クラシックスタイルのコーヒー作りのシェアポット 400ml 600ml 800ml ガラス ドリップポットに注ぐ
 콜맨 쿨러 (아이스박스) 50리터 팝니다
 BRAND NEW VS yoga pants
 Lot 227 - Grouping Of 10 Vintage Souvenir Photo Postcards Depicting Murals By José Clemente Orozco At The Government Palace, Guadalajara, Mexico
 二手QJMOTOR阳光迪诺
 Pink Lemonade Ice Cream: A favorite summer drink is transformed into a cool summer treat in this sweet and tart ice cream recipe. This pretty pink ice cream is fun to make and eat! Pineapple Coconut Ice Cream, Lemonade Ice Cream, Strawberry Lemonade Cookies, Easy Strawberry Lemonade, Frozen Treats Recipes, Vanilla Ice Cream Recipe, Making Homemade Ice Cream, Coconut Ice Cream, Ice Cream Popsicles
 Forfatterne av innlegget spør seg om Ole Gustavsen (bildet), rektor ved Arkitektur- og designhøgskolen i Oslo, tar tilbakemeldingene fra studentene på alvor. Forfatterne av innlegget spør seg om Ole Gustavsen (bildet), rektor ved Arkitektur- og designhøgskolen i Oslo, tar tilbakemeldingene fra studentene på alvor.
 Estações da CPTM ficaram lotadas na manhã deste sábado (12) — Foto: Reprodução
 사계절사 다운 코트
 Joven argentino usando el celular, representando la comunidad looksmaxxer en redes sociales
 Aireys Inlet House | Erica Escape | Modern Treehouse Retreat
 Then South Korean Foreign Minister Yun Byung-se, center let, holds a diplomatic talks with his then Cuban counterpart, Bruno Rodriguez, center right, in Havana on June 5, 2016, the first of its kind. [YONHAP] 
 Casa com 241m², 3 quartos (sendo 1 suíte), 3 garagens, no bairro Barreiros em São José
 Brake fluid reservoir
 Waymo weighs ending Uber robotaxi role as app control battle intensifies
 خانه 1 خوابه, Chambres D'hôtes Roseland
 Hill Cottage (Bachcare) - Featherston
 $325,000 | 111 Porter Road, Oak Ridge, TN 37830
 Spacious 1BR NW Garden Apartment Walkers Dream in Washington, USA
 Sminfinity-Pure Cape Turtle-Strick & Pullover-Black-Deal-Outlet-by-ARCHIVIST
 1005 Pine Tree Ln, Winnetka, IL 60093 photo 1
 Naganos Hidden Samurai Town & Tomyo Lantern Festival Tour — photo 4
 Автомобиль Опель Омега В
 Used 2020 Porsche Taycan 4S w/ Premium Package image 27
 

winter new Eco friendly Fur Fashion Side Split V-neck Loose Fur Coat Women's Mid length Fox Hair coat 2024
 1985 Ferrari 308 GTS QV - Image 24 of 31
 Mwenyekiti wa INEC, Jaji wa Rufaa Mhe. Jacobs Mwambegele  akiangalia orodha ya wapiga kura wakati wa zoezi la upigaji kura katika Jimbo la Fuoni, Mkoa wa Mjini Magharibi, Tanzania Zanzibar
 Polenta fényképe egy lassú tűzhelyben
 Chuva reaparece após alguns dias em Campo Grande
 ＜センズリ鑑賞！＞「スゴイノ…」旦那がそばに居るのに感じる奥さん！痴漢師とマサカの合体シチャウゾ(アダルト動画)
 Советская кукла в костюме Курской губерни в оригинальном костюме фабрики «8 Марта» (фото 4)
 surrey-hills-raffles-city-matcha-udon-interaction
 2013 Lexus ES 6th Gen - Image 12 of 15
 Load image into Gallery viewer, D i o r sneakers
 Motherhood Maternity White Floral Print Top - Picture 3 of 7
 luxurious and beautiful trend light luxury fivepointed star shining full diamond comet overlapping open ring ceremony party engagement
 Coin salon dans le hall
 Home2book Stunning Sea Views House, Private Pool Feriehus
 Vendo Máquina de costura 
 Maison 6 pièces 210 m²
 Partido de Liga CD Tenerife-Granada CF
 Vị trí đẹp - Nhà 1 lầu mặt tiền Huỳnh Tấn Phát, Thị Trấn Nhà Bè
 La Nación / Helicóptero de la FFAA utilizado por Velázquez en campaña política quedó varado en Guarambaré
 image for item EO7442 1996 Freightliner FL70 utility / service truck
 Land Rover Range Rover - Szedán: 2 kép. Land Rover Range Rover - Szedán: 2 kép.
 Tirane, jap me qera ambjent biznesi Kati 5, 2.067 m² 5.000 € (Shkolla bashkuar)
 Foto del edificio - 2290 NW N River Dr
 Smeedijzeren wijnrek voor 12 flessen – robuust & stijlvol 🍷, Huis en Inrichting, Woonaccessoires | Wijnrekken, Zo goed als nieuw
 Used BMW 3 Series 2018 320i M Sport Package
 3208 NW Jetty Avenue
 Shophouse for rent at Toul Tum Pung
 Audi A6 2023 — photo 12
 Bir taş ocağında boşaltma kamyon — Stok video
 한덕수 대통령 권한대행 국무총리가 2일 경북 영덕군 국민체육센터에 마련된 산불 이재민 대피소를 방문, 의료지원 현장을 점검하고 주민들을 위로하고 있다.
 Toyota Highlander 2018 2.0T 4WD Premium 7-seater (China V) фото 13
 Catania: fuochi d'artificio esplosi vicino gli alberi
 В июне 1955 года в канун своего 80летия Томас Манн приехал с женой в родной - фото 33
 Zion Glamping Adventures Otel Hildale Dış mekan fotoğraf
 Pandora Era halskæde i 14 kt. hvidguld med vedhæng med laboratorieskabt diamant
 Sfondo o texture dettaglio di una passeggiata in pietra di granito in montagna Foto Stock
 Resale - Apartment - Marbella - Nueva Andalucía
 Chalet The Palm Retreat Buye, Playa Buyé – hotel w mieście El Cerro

□ □ □

(WHAT THIS TASK INVOLVES): Set down, unchanged, only those lines above that fall between the line with "Partido de Liga CD Tenerife-Granada CF" and the line with "Toyota Highlander 2018", the two end lines included.

(YOUR SOLUTION):
 Partido de Liga CD Tenerife-Granada CF
 Vị trí đẹp - Nhà 1 lầu mặt tiền Huỳnh Tấn Phát, Thị Trấn Nhà Bè
 La Nación / Helicóptero de la FFAA utilizado por Velázquez en campaña política quedó varado en Guarambaré
 image for item EO7442 1996 Freightliner FL70 utility / service truck
 Land Rover Range Rover - Szedán: 2 kép. Land Rover Range Rover - Szedán: 2 kép.
 Tirane, jap me qera ambjent biznesi Kati 5, 2.067 m² 5.000 € (Shkolla bashkuar)
 Foto del edificio - 2290 NW N River Dr
 Smeedijzeren wijnrek voor 12 flessen – robuust & stijlvol 🍷, Huis en Inrichting, Woonaccessoires | Wijnrekken, Zo goed als nieuw
 Used BMW 3 Series 2018 320i M Sport Package
 3208 NW Jetty Avenue
 Shophouse for rent at Toul Tum Pung
 Audi A6 2023 — photo 12
 Bir taş ocağında boşaltma kamyon — Stok video
 한덕수 대통령 권한대행 국무총리가 2일 경북 영덕군 국민체육센터에 마련된 산불 이재민 대피소를 방문, 의료지원 현장을 점검하고 주민들을 위로하고 있다.
 Toyota Highlander 2018 2.0T 4WD Premium 7-seater (China V) фото 13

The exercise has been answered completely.